I also have a StrikeMaster Lazer Mag gas auger. When I store it at the end of the each season my preference is to put fuel stabilizer in the tank and leave the tank full until the next season. Since I have had it I have had some problems getting it started for the first time some years. I have found out though that if I get new gas at the beginning of each year the starting problem goes away. I have only had to replace the spark plug once since I have had this auger but it can't hurt to replace the old one just to make sure that the plug was not the problem. Over the years I have had this auger it has preformed well for me. Hope this helps. Good luck.


----------



## smokingbarrel (Sep 28, 2014)

Yeah the main thing is keeping that diaphragm wet. It's tiny so it doesn't take much to damage it. Service places charge arm and leg for simple fixes it's cheaper to do it on your own.

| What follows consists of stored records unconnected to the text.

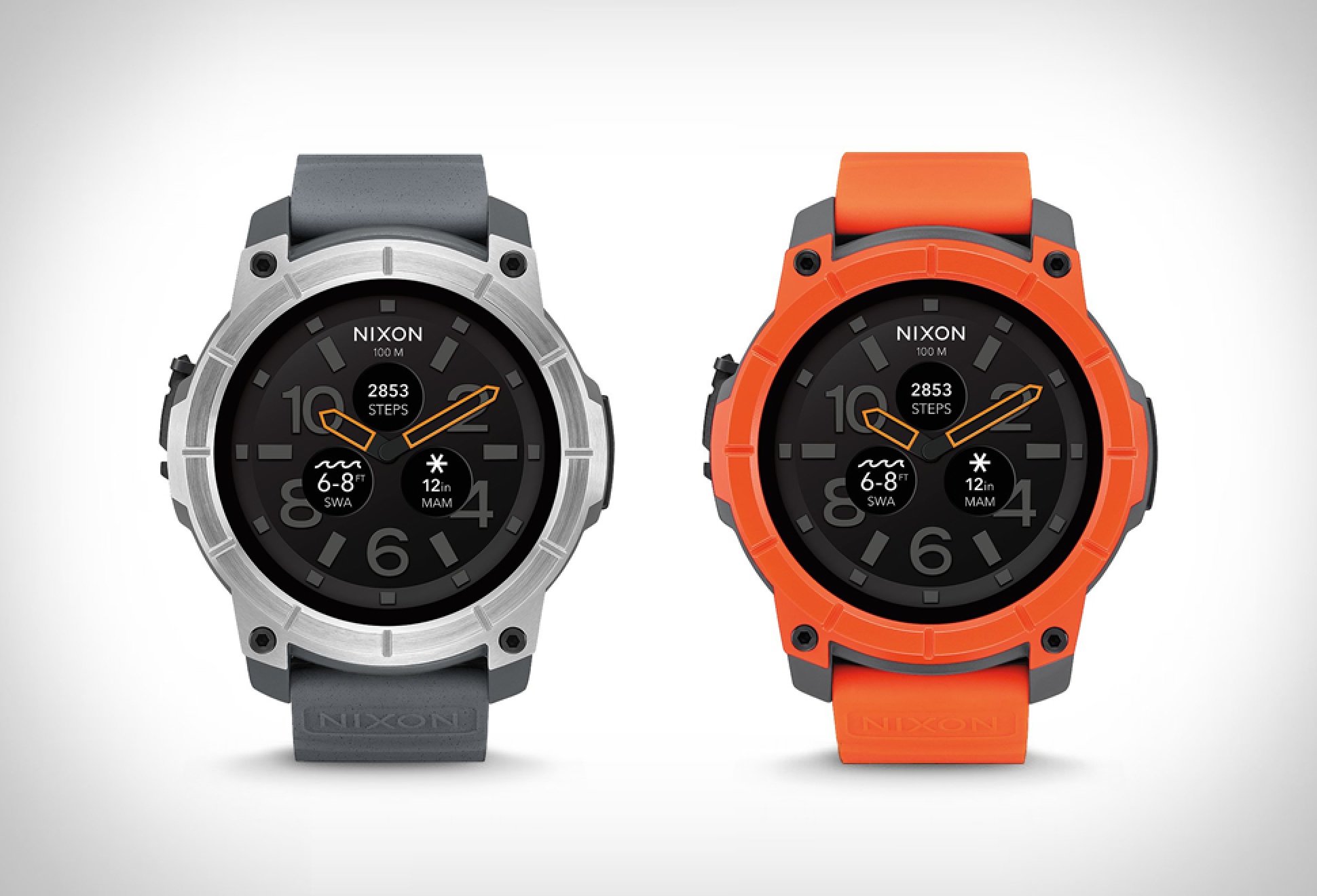 Nixon Mission Smartwatch | Image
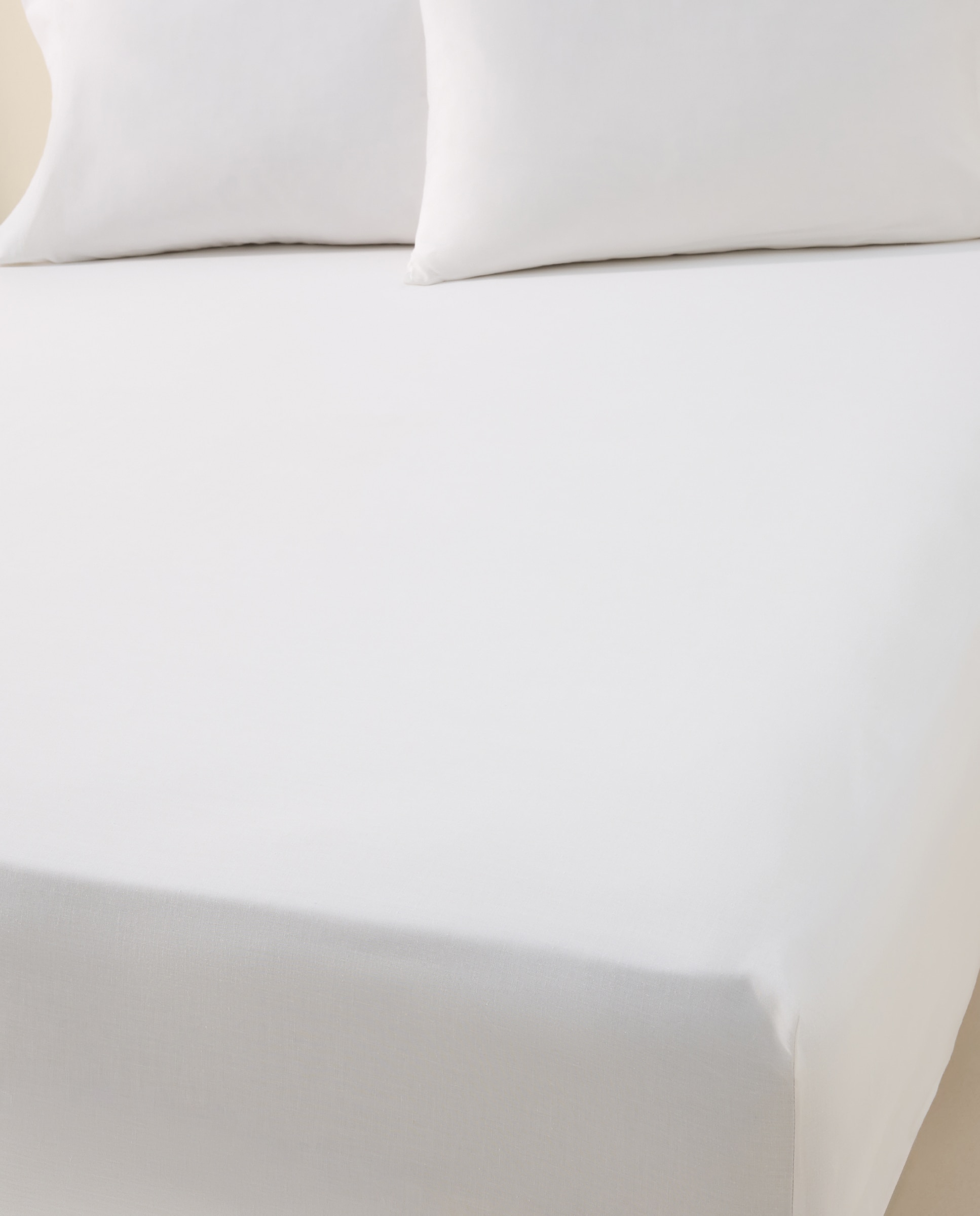 Imagen 0 de Sábana bajera ajustable polycotton Básico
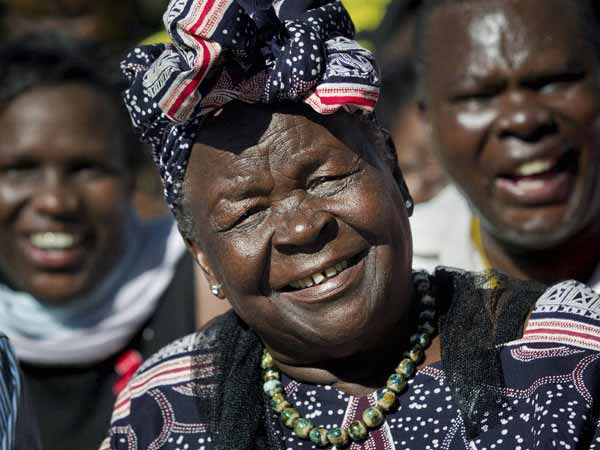 अमेरिका में कालों की सरकार 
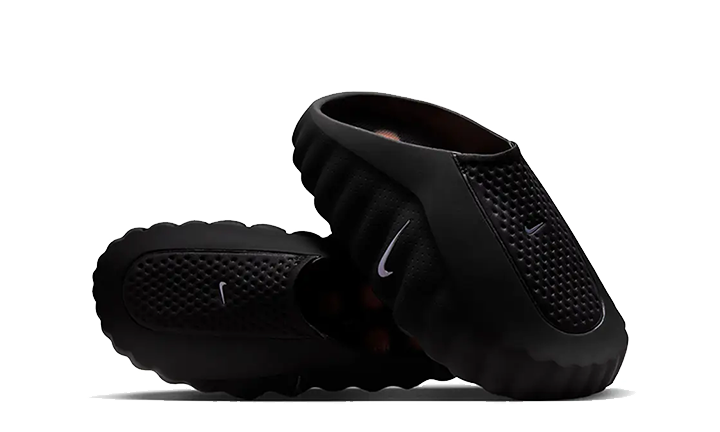 Nike Mind 001 Slide Black Chrome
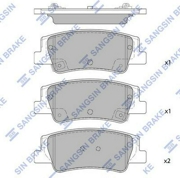 Sangsin brake S * * * 5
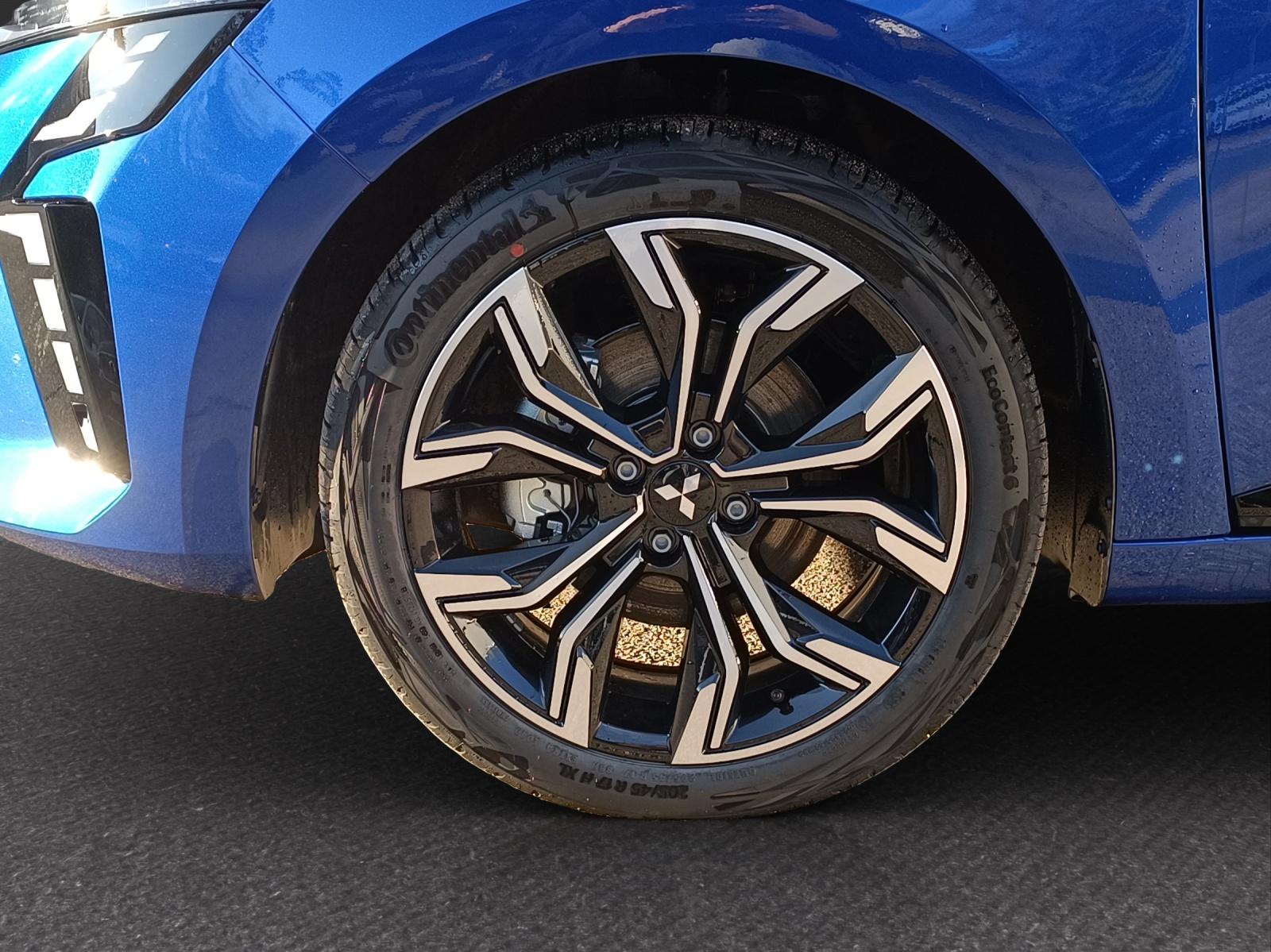 MITSUBISHI Colt 1.6 HEV Intense-image-8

Maybe $10-$15 for carb rebuild kit if that. Get a can of carb cleaner that's not super harsh. Some of those carbs have small nylon balls in them and if wrong carb cleaner is used it will damage them and since they are concealed you won't notice until trying o start it. Wherever you get carb kit get the carb cleaner is best way to go to be safe.


----------



## My Demeyes (Aug 2, 2010)

I had a tricky on/off toggle switch on one that gave me fits. Replaced it and then it was good as new. It would ground out the spark intermittently.


----------



## ErieRider (Mar 23, 2010)

I went through a carb rebuild on my lazer mag express, lasted one season and could not get it back running right, then sold it to leadcore bean and he redid it also. Not sure how it has been since. It was a great Auger for numerous years until the carb went then like I told lcb I just gave up on it in pure frustration. Strikemaster does have an authorized repair center in Minnesota that does awesome work.


----------